Para Javier Gómez de Liaño, padre e hijo
La Fundación Camilo José Cela, en Iria Flavia, aldea de Padrón, lugar en el que nació en 1916 el gran escritor, es a mis ojos la casa de la literatura, la cultura y el arte, algo que muy bien lo puede ser, con suma facilidad, para cualquier visitante, porque es muy rica en todo ello.
Aunque parece un suspiro, desde aquella fría mañana de enero, en 2002, desde que Cela muriera, han pasado ya 20 años. “Una vida muy intensa”, como me dijo hace unos días la directora gerente de la Fundación, Covadonga Rodríguez del Corral. En verdad fue una vida muy intensa, muy fecunda, muy fructífera. Esta Fundación es prueba elocuente de ello. Los libros de Cela, repartidos en todo el mundo, auténticos tesoros para mí, lo son.
Me gustaría hacer este texto sobre todo con mis propios recuerdos, recuerdos personales de un lector de Cela, una persona que desde niño ha pasado grandes ratos leyendo sus libros, entre la sorpresa y el asombro, siempre aprendiendo, siempre disfrutando, de su rica prosa, a veces dura y áspera, como los mundos que refleja, pero siempre muy capaz de llenar al lector exigente de literatura.
Estos recuerdos lo son de una persona que vio vivir a Cela en la última etapa de su vida. Cela estuvo muy presente en nuestros días; lo veíamos mucho en la televisión, en actos, en entrevistas…
Recuerdo muy bien el día que murió: lo recuerdo por la memoria, “esa fuente del dolor”, como decía el propio Cela —no sólo del dolor, añado yo, humildemente, también de la dicha y de la creación, de la mejor creatividad—, y también por el texto que escribí en mi diario ese 17 de enero de 2002, día de mi cumpleaños, y que publiqué años después, este mismo año, en Zenda. También un 17 de enero había nacido el hijo de Cela, Camilo José Cela Conde, con lo cual hubo una coincidencia múltiple. Hace muchos años supe que un 17 de enero había nacido Calderón de la Barca.
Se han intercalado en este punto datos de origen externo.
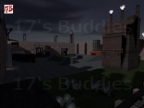 VSH_FACTORYHELL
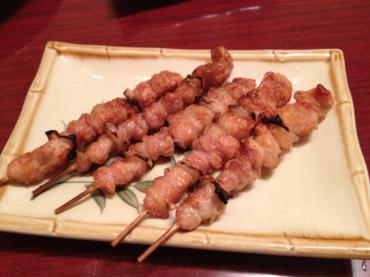 鳥せい 帯広大通店的實拍高清圖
Ayer mismo estuve en la Fundación, mi última visita a ella, la más reciente, la más rica. Fue un día inolvidable, como escribí en las redes sociales. Esto expresa bien lo que siento cada vez que visito la Fundación. Días inolvidables.
Si no recuerdo mal es mi sexta visita, y de todas ellas guardo recuerdos muy vivos y hermosos. Siempre con gente querida, con mis padres, con hermanos, con amigos y amigas, siempre con gente curiosa del mundo y de las letras, gente que no tiene mi vocación literaria, a veces un poco desbocada, pero que sin duda aprecia bien lo que fue un escritor de las dimensiones de Camilo José Cela, uno de nuestros más grandes autores, de ayer y de hoy, y me atrevo a decir que de mañana. Pues la escritura pertenece más al mañana que al hoy o que al ayer, aunque a veces puede parecer lo contrario. Se escribe para fijar, para que perdure lo que se escribe, de lo contrario no tendría sentido hacerlo.
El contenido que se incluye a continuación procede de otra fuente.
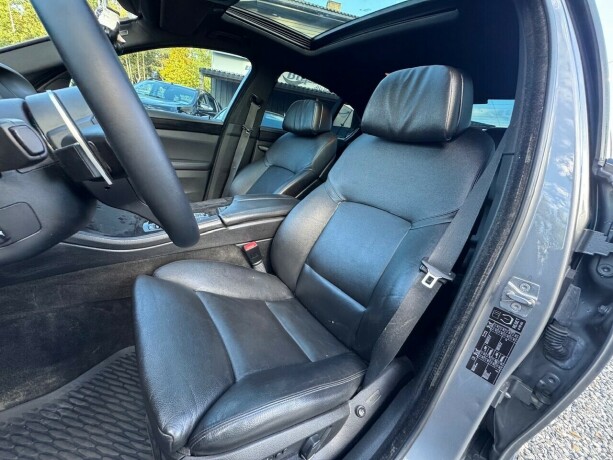 bmw-530d-diesel-2010-big-9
La escritura, nada más escrita, fresca, pertenece al futuro. Como estos pequeños signos que ahora trazo, entre la emoción y la deuda, la deuda que yo tengo con el escritor de Iria Flavia.
Siento que este texto que escribo podría tener un poco de artículo de viajes, porque viajé desde mi querido Pontedeume, también en A Coruña, donde veraneo, a mis ya queridos Padrón e Iria Flavia, la tierra de Cela, ya tierra de mi corazón, cuna de poetas, cuna de grandes escritores.
El maravilloso guía que me enseñó la Fundación esta vez se llama Fernando Ocampo, y conocía detalles interesantísimos sobre Cela, aparte de utilizar un tono que se adivina propio de su personalidad, lleno de hondura, ironía y sabiduría. Un tono muy literario, intelectual, filósofo.
Me siento como en casa cada vez que visito la Fundación. Mejor dicho, me siento en casa. Y perdón por el atrevimiento. Creo que esto le hubiera gustado a Cela, y creo que le gustaría también a las personas que tan generosamente me atendieron. Estoy seguro también que esta sensación la experimentan también tantos lectores de Camilo José Cela, presentes y futuros, que visitan su bellísima Fundación.
Deambular por sus salas, entre confortables alfombras y preciosas maderas, para mí, es una invitación a leer lo que todavía no he leído de Cela y a revisar los libros que ya he leído, sobre todo los que más me han gustado, que son muchos, porque es una lista que se va ampliando con el tiempo: La familia de Pascual Duarte, Viaje a la Alcarria, La Colmena, Cristo versus Arizona, Madera de boj…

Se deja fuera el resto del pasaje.